Either way, blackmail loses its leverage once publicly available.
 
If we were going to pass laws, maybe we could pass something that would put some kind of responsibility on platforms that outright ignore reports of CSAM, or child grooming on their platforms when it's reported to them (I'm pretty sure we already have those laws actually, they just don't bother enforcing them, but hey they probably care a lot about the kids don't worry).
Treat anyone who accepts the surface-level justification (protecting children) as either too ignorant to take seriously or as a bad-faith actor.
 
Update on my Arch --> Artix conversion. I got all services running, some were from AUR. Transition was smoother than expected, If for some reason I decide that it's not a stable distro thre's always zfs rollback, but so far it's been alright.

One thing is certain, that pesky
Code:
a stop job is running for user manager for uid 1000
on shutdown even after messing with systemd config files will never piss me off again.
 
Well, you make it sound easy. And if you have more than the average amount knowledge on how to manage internet access it is. But that leaves a large amount of the population who do not understand and who can not restrict access, either because of ignorance or technical incompetence. Sadly we have to design laws with the lowest common denominator in mind.
No we don't. What exactly is stopping any retard parent from pulling up a Youtube tutorial on how to set up parental controls on a tablet? Fucking nothing, a parent who can't do that and demands the government do it for them is a negligent parent. This should solely be the responsibility of parents and not the government.
 


Sharing this postly because kiwifarms mentioned.

In the context of based Preston Byrne offering legal council to distros to potentially fight back against these recent laws.
 
Those who exchange liberty for safety deserve neither and will lose both. Any neutral or positive response to ANY sort of age verification push is the result of step-by-step engoyification.

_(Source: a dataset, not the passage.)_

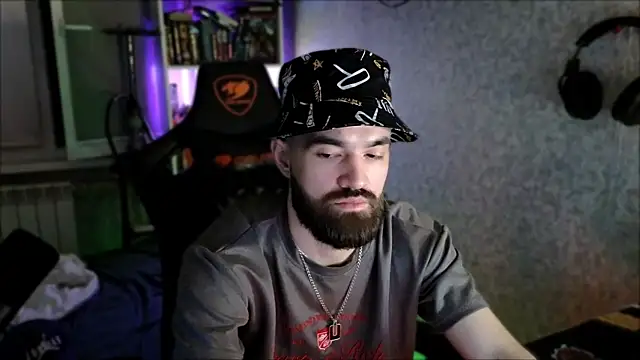_Serious_Man – Naživo XXX chat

There will always be a backdoor/log/fingerprint/deanon mechanism tied into any sort of ID, "zero proof" or otherwise, there has to be attestation that happen somewhere along the chain, its just layered under more and more obfuscation to make it seem like something it is not. It is the same line of thinking that people use when they turn a blind eye to proprietary trash OSes, Google et al. or shit like the IME/PSP spying on them. Same with people that like Flock-style cameras for """"safety"""" reasons, same with people that prefer supermarket to stall food because its been "tested and measured against industry standards".

Its more control, more nanny state bullshit that fosters a population of docile, tagged and bagged, govt dependent nigger cattle, simple as. No one on Earth can convince me otherwise.
 
Its more control, more nanny state bullshit that fosters a population of docile, tagged and bagged, govt dependent nigger cattle, simple as. No one on Earth can convince me otherwise.
I agree, and argue it's more to do with a ruling class that has finally figured out they're hated by the public and are desperately trying to control the narrative, as they fuck up civilisation on purpose.

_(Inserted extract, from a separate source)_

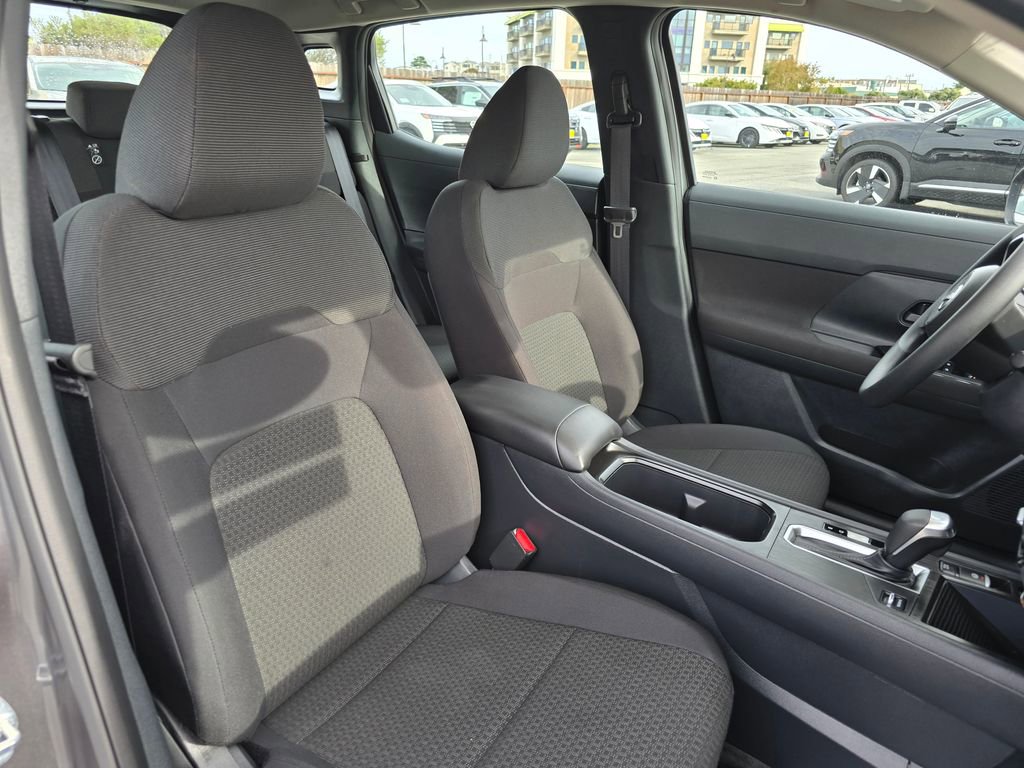 Used 2025 Nissan Kicks S image 12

This is just going to teach a bunch of normies a level of technical skills they didn't have in the past.
 
I agree, and argue it's more to do with a ruling class that has finally figured out they're hated by the public and are desperately trying to control the narrative, as they fuck up civilisation on purpose.

This is just going to teach a bunch of normies a level of technical skills they didn't have in the past.
No, more than likely they'll just shrug and do the goy shuffle on camera instead.
 
Has anyone here ever tried installing GNU/Linux on a Surface Book 2 using the custom kernal (https://github.com/linux-surface/linux-surface) available?

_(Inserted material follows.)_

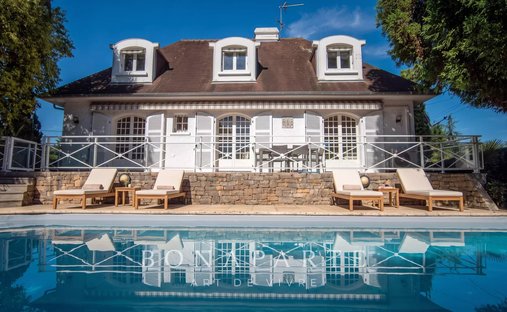 House in Tonkin-Pesque-Saint Julien, Lons, France 1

It rankles me to still have a machine running Windows, but I would prefer to use this laptop if possible as I have to admit, as much as I hate Microsoft, this is the best laptop I've ever used. I fucking love this keyboard.

At any rate, the only piece of software that was holding me back can run in Bottles so if I can pull this off with the SB2 and not lose too much hardware functionality, I'll pull the trigger.
 
Has anyone here ever tried installing GNU/Linux on a Surface Book 2 using the custom kernal (https://github.com/linux-surface/linux-surface) available?

It rankles me to still have a machine running Windows, but I would prefer to use this laptop if possible as I have to admit, as much as I hate Microsoft, this is the best laptop I've ever used. I fucking love this keyboard.

At any rate, the only piece of software that was holding me back can run in Bottles so if I can pull this off with the SB2 and not lose too much hardware functionality, I'll pull the trigger.
I did that last year with Linux Mint and it ran fine. One thing is that if you disable Secure Boot on those tablets the boot screen becomes an angry red.
 
How did you find battery life in laptop and tablet mode? The consensus seems to be that it's shorter than when running Windows, but those comments are from a while back.

Have you had any of the issues when the tablet shutting off once disconnected from the keyboard?